Farmscape for April 7, 2025
A partner with Polar Pork says, while Canada and Mexico were spared, reciprocal tariffs imposed last week by the U.S. on 75 of its trading partners and the uncertainty they create could help trigger a global recession.
On April 2'nd U.S. President Donald Trump announced reciprocal tariffs ranging from 10 to 50 percent on 75 of its global trading partners and, while Canada and Mexico were excluded, the threat of additional tariffs remains on the table.
Florian Possberg, a partner with Polar Pork, says there are more questions than answers and it's hard to map out what the chain of events about to unfold will mean for the pork industry but, anytime you have this kind of instability, it's not good for markets and these trade issues could escalate.
Clip-Florian Possberg-Polar Pork:
We've been spared.
There's no 25 percent tariff or any tariff on our live hogs that we send to the U.S. nor is there a tariff on the pork that trades back and forth between the three countries, Mexico, the United States and Canada.

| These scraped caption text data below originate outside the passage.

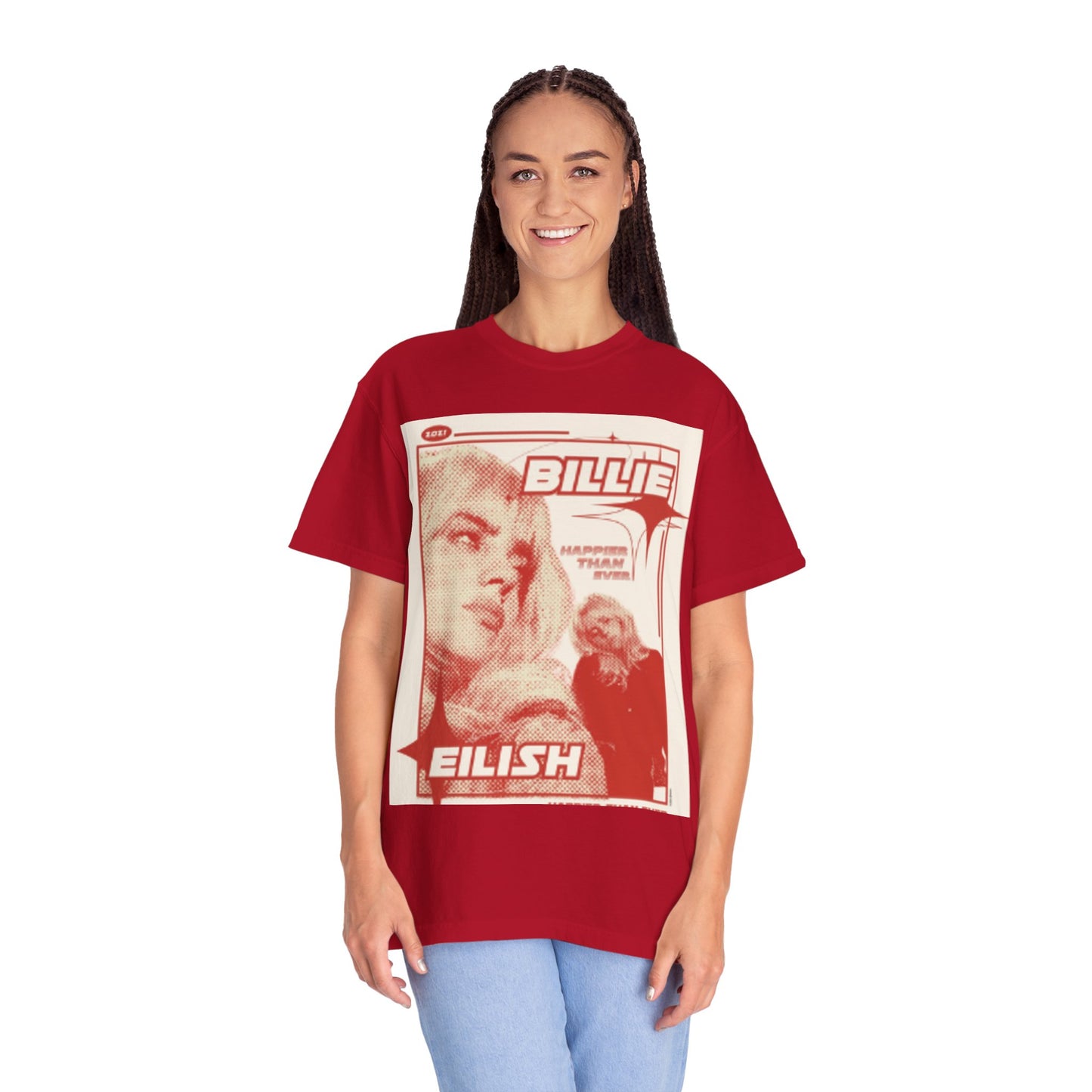 BE T-shirt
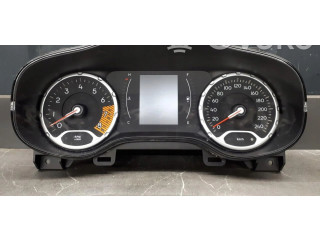 Панель приборов 5550031717 Jeep Renegade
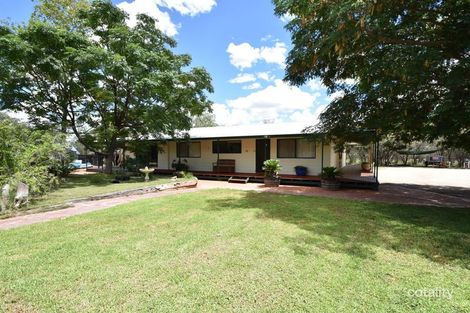 Property photo of 293 Greatorex Road Ilparpa NT 0873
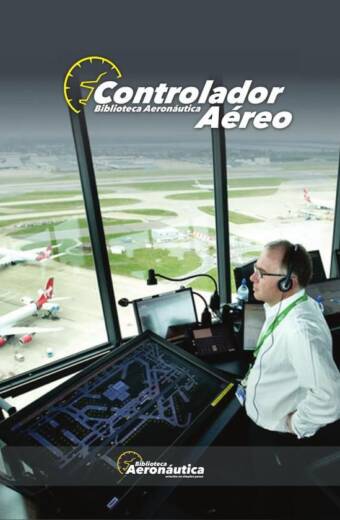 Controlador Aéreo
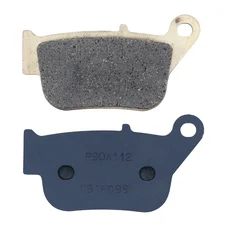 BRAKE PADS SET (2 pads) CL BRAKES FOR YAMAHA 125 XMAX 2014> Rear    (3112 MSC)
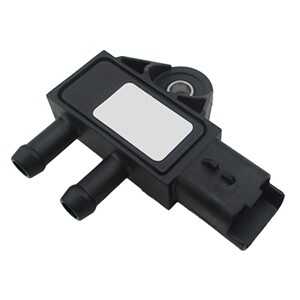 Sensor, avgastryck, citroën,fiat,lancia,mini,mitsubishi,peugeot, 13627805472, 161809, 1618Z9, 1628LK, 16960, 1865 A176, 9662143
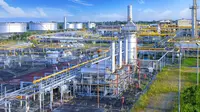 Produksi Pertamina Hulu Indonesia Tertinggi dalam 5 Tahun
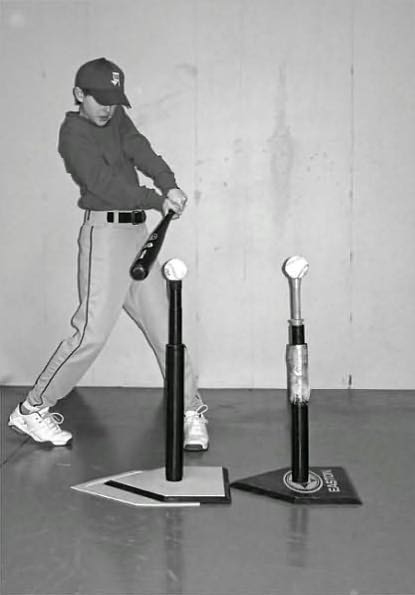 The Making of a Hitter: A Proven and Practical Step-by-Step Baseball Guide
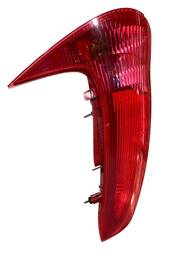 Lanterna Traseira Peugeot 2006 a 2010 206 Sw Direita C/detal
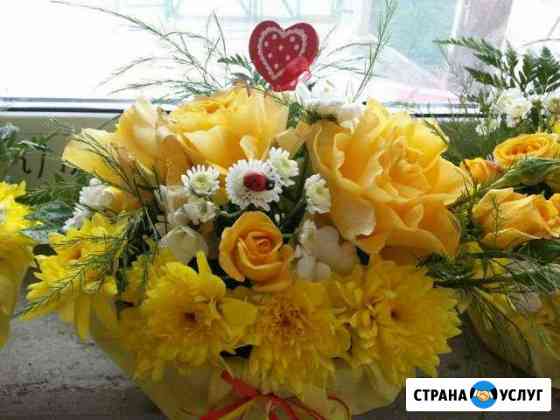 Флористика, топиарий, мыло, соль для ванны Домодедово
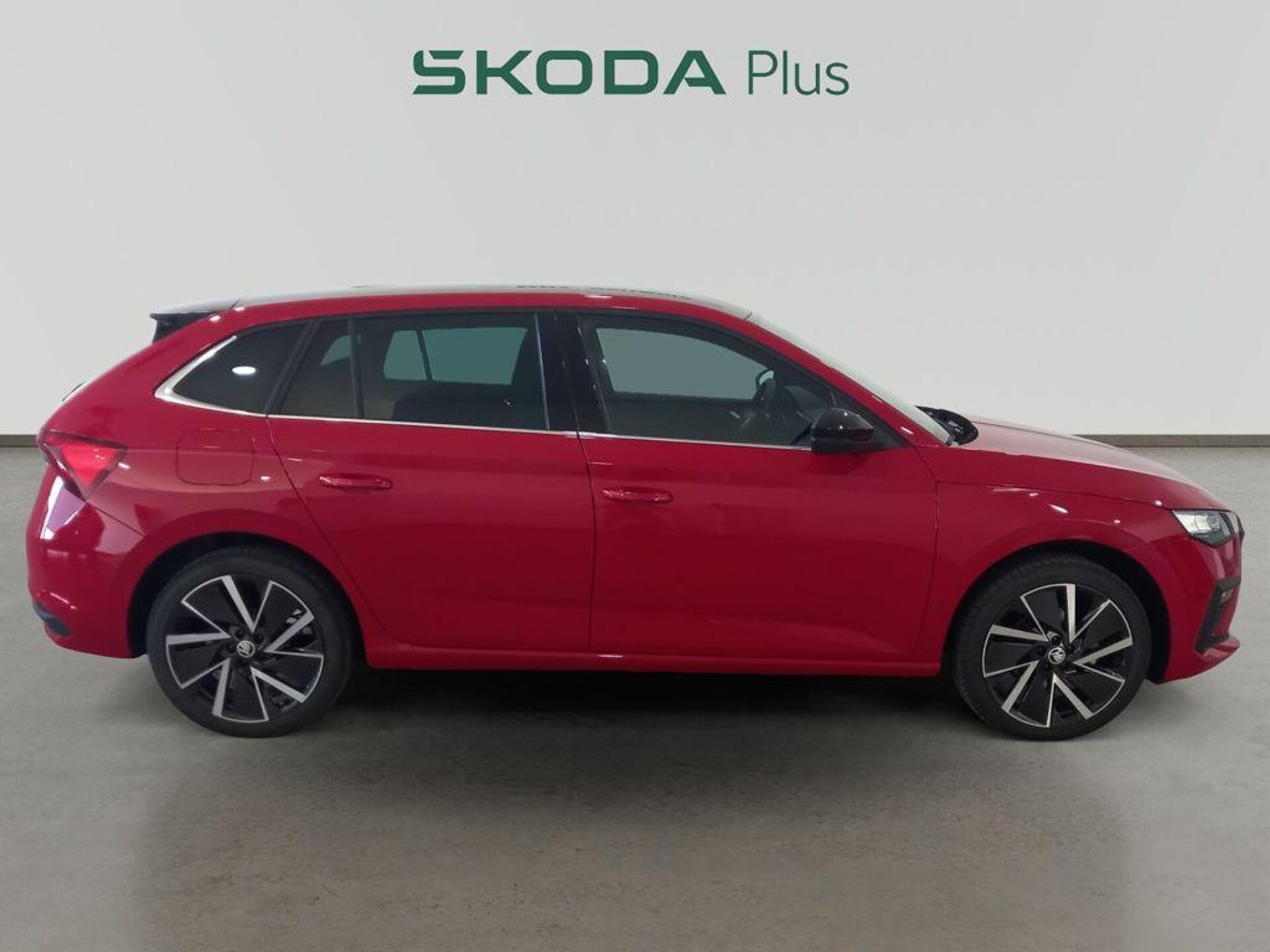 Imagen 3 de SKODA Scala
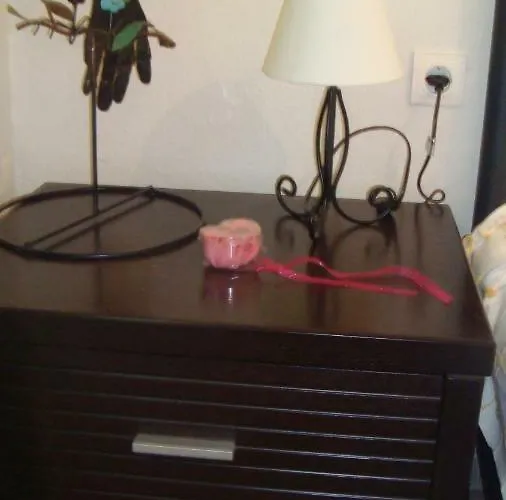 Sole Mio Apartamento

Our customers in the U.S. don't want to lose our supply and so they've been speaking to their politicians both state and federally saying they don't want to see a tariff on live hogs.
Sask Pork sent a contingent down to the Midwest to lobby on our behalf, our industry behalf as well as Canada Pork and all of our producers from across Canada have made it known and generally the agriculture community in the United States are not in favor of trade impediments and much desire free trade as well.
So, we've had good response from both sides of the border trying to dissuade the Trump administration from putting tariffs on our industry.
Possberg says perhaps cooler heads will prevail and things will cool down but we run the risk of everything heating up and getting much worse.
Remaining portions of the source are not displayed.